What do you worship?

4 thoughts on ““There is actually no such thing as atheism” (David Foster Wallace’s commencement speech)

  1. I choose to worship nothing, enjoy life for what it is, and have my thoughts firmly planted in reality. It seems to me that every non-spiritual concept that this write up suggests somebody would worship is some part of a need to strive for perfection. Why not just recognize that perfection is a nonexistent construct in the mind. I’m not perfect, there is no ultimately perfect amount of money I can attain which will satisfy me, and the same goes for power. What I can do is live life for the enjoyment of living. I take pleasure in following advancements in science and technology, and knowing that everything I believe holds up to scrutiny, because if it doesn’t then there is no reason for me to believe it. And definitely no reason for me to worship it. And guess what. I am an Atheist, there is such a thing as Atheism. So the idea that there is “no such thing as atheism ” does not hold up to scrutiny.

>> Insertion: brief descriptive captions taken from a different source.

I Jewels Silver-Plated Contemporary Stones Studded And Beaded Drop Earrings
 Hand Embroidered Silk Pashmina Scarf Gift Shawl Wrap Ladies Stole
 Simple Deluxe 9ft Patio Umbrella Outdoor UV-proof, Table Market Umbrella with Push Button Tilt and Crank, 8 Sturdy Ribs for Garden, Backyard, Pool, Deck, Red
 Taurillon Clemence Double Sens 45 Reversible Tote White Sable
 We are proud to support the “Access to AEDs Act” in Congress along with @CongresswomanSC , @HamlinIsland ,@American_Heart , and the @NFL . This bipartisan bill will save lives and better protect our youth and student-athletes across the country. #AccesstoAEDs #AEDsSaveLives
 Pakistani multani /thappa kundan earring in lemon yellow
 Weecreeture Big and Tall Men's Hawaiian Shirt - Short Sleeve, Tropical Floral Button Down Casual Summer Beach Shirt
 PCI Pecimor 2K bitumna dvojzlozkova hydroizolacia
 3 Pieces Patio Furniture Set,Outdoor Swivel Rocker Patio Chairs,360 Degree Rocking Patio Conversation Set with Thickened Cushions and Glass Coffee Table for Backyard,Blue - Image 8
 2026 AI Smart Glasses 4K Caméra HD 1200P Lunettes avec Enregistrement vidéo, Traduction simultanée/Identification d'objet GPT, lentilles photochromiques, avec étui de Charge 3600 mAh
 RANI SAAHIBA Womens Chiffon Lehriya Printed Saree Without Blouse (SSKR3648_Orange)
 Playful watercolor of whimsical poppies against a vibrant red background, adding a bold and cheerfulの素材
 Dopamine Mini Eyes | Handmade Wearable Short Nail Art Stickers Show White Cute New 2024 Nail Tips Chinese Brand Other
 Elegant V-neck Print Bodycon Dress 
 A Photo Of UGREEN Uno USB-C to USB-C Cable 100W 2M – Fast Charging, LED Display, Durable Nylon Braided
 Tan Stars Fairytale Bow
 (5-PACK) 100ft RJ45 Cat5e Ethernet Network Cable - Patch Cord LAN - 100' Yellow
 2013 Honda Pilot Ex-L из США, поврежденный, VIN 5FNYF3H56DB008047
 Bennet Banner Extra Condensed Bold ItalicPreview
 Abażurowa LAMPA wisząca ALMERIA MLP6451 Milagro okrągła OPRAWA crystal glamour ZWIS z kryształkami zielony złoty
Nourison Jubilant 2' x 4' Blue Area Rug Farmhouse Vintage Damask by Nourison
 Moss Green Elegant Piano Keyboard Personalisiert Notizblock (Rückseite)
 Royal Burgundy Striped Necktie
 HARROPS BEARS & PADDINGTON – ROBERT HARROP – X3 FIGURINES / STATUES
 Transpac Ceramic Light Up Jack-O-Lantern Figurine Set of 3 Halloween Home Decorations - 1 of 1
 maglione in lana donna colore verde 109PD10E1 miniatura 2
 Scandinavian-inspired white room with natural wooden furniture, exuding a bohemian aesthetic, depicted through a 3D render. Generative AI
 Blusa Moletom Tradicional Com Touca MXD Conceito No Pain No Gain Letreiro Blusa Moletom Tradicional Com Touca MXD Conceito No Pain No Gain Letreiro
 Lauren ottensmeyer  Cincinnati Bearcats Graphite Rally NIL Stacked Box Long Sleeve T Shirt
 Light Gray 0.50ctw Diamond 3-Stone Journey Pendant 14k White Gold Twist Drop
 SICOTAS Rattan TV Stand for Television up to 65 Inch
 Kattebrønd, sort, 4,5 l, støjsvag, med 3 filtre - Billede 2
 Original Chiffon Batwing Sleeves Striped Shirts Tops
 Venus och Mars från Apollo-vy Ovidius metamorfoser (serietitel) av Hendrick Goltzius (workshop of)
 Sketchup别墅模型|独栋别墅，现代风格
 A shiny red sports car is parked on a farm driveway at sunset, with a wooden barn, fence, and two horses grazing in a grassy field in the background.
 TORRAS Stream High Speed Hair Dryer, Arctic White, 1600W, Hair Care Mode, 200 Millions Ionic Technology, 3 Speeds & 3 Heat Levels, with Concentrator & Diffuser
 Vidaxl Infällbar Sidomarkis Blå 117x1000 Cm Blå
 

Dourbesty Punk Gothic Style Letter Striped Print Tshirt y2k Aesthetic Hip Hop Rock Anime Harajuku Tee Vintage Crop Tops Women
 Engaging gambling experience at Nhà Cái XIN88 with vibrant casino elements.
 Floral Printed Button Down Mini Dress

  2. I think the key is the word, “worship,” which is a loaded term. In my opinion, living life for the enjoyment of living and taking pleasure in following advancements in science and technology constitute “worship” of a sort–that is, activities that you imbue with a positive value judgment (but with which others may disagree).

  3. Anonymous

    Samuel Skinner
    This man is confusing worship with value. You worship things for favor or because a particular property they hold. You value things for being cool and useful.

  4. David

    I define atheist as one who does not believe in a god.
    I infer that DFW defines atheist as one who does not worship anything.
    That and (as others have said before me) DFW’s apparent definition of worship make up the heart of this misunderstanding.

    According to DFW*:
    worship money = feel poor
    worship power = feel weak
    worship beauty = feel ugly
    worship intellect = feel stupid
    worship: to value highly and never be satisfied with (unlike my definition: how you should treat something which you pray to, or fear, or give thanks to)

    My advice: don’t fret if you don’t have as much as you want of what you value highly. Keep in mind this is part of the nature of living. It doesn’t mean you should stop wanting things. Don’t value things or ideas so highly as to be self-destructive. This has no bearing as to whether “worshipping” money, power, beauty or intellect is a good idea or should be a priority, just don’t rely solely on them for happiness. Money, power, beauty or intellect are things to value. As for how much: I am not one to make value judgments for you, nor meta-value judgments, i.e, what to value. That’s for you to decide.

    * I also note he doesn’t say anything like:
    worship Jesus = feel unworthy, sinful, or unquenchably self-righteous in conversion of others
    This is an interesting omission for such an honest and unsentimental commencement speech.